(Records contained in a dataset)
----

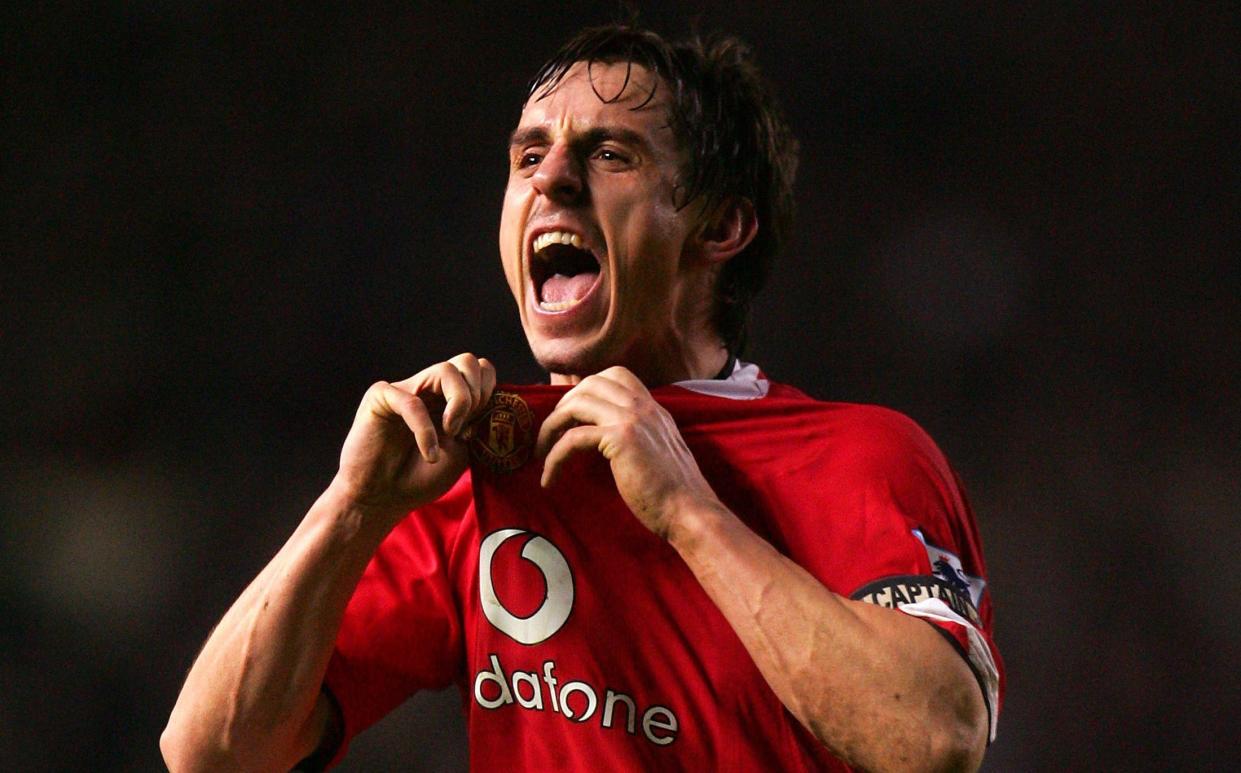 Gary Neville celebrates in front of Liverpool fans during Man Utd vs Liverpool in 2006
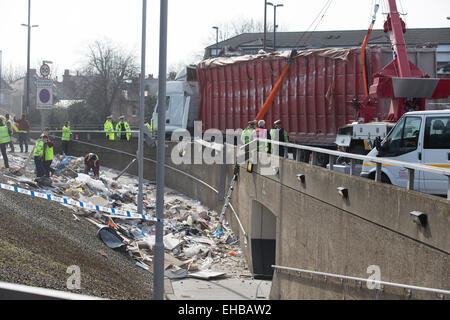 London, UK. 11th March, 2015. Truck overturned spewing rubbish into the subway path at Sun in the Sands roundabout, Blackheath. Emergency services clearing up waste after the lorry flipped onto the side of the Sun In The Sands Roundabout at around 7.15am. Stock Photo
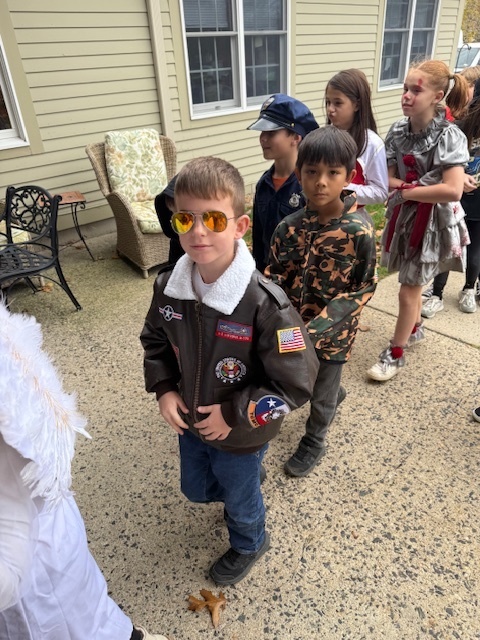 Students in costume, including one in a Top Gun costume, parading into Poplin.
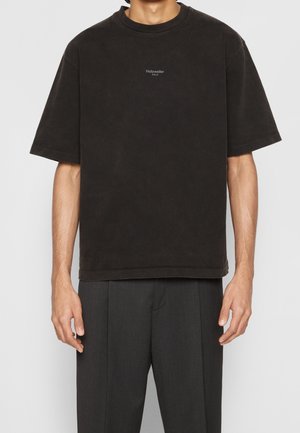 Czarny, oversize’owy T-shirt wykonany z miękkiego materiału, z okrągłym dekoltem, krótkimi rękawami oraz małym białym logo na piersi.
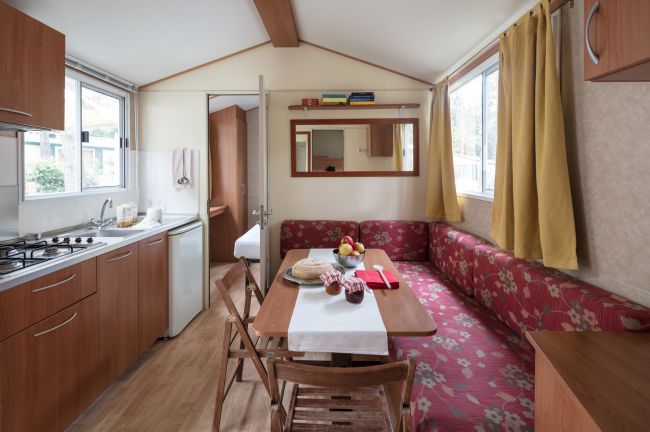 Interno di una casa mobile con cucina e divano a fiori.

----

Output the records exactly, and let none of their pictures appear in the copy.

• Response for this exercise:
 Gary Neville celebrates in front of Liverpool fans during Man Utd vs Liverpool in 2006
 London, UK. 11th March, 2015. Truck overturned spewing rubbish into the subway path at Sun in the Sands roundabout, Blackheath. Emergency services clearing up waste after the lorry flipped onto the side of the Sun In The Sands Roundabout at around 7.15am. Stock Photo
 Students in costume, including one in a Top Gun costume, parading into Poplin.
 Czarny, oversize’owy T-shirt wykonany z miękkiego materiału, z okrągłym dekoltem, krótkimi rękawami oraz małym białym logo na piersi.
 Interno di una casa mobile con cucina e divano a fiori.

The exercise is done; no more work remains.